Shopsmith Forums

johnm wrote:I just caught up with this thread...

It seems that if you measure voltage on the motor brushes and it is wired like you show in the schematic, then it ought to turn. Can you turn it by hand? Make sure it is not binding. If the armature winding (the part the brushes connect to) is open circuit, then it won't run. You can check that with an ohm-meter across the place where the brushes make contact.

The motor looks like a "universal motor" (runs on both AC and DC)] but somehow the schematic posted looks a bit "funny" with the field winding (stationary part) in series with the AC.[/B] It's definitely not a stepper motor (I used to work for Superior Electric, so I am really familiar with steppers).

The two black square devices are definitely Hall sensors; you need two to determine if the motor is going clockwise or counter clockwise.

The diodes (cylindrical objects with stripe) should probably be checked, but like others said, no signs of burning.

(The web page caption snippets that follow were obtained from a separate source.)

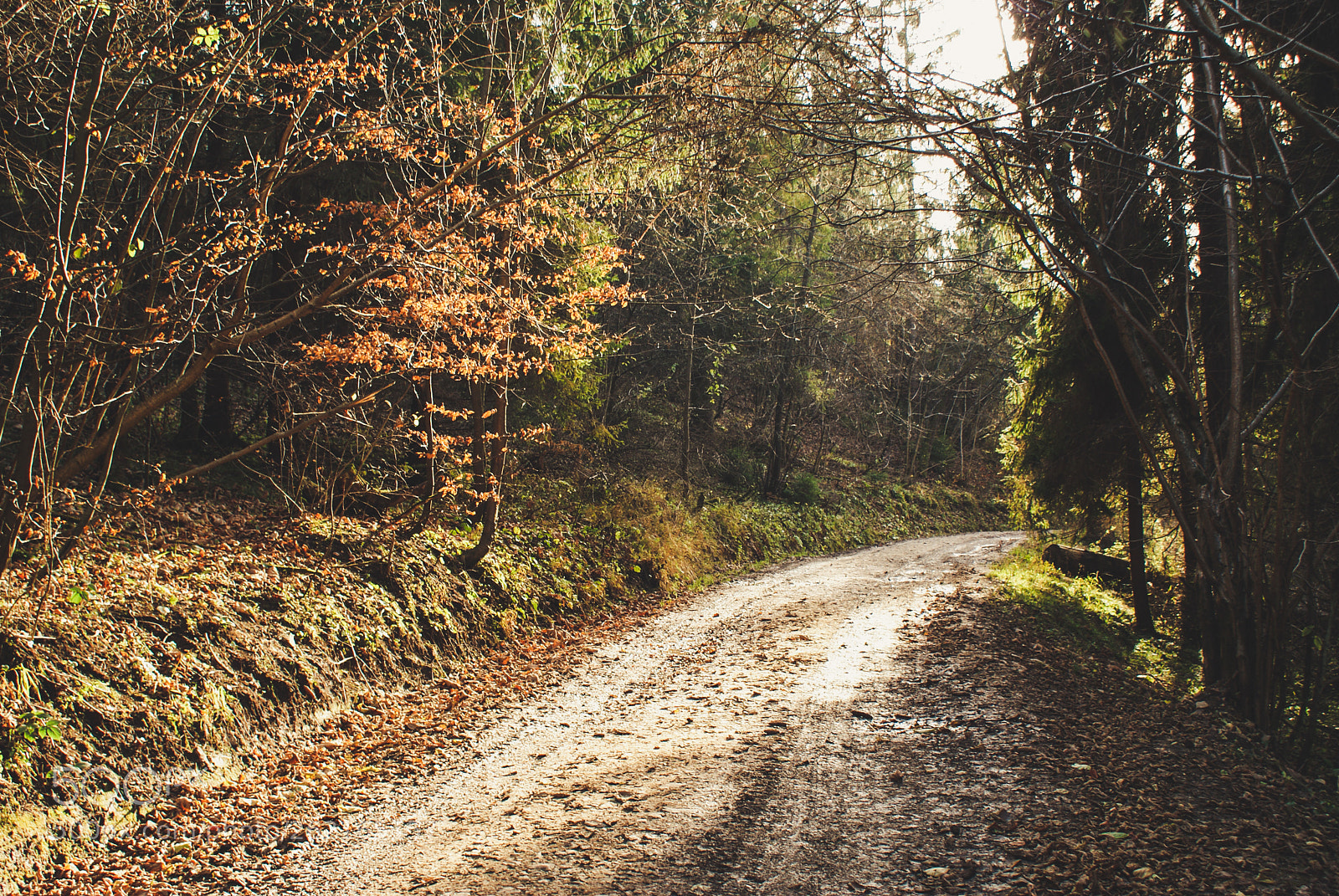 Sony Alpha DSLR-A200 sample photo. Autumn forest photography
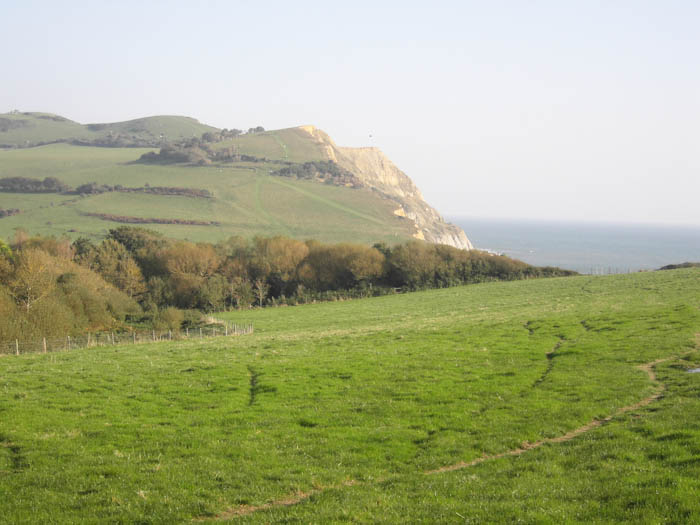 Seatown Dorset Dorsetcamera  Coastal Path Walk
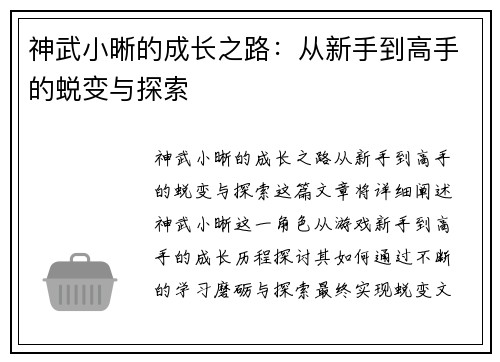 神武小晰的成长之路：从新手到高手的蜕变与探索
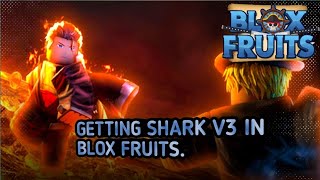 Getting Shark V3 in Blox Fruits [upl. by Mendy528]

The key is the motor; if you can get it to turn, then there is hope for fixing the controller.

Good luck. Don't give up!

The last schematic posted(by me) is quite clear. The '120v' input needs to be DC, not AC to allow direction control. The bridge(4 diodes) connects the same polarity to the rotor windings regardless of the incoming polarity. The stator windings however are reversed with the reversing polarity. A series connected universal motor is not uncommon.

I have added 'test points' and expected readings to the schematic.
I do wish you could verify the termination of the shiney metallic encased overload device.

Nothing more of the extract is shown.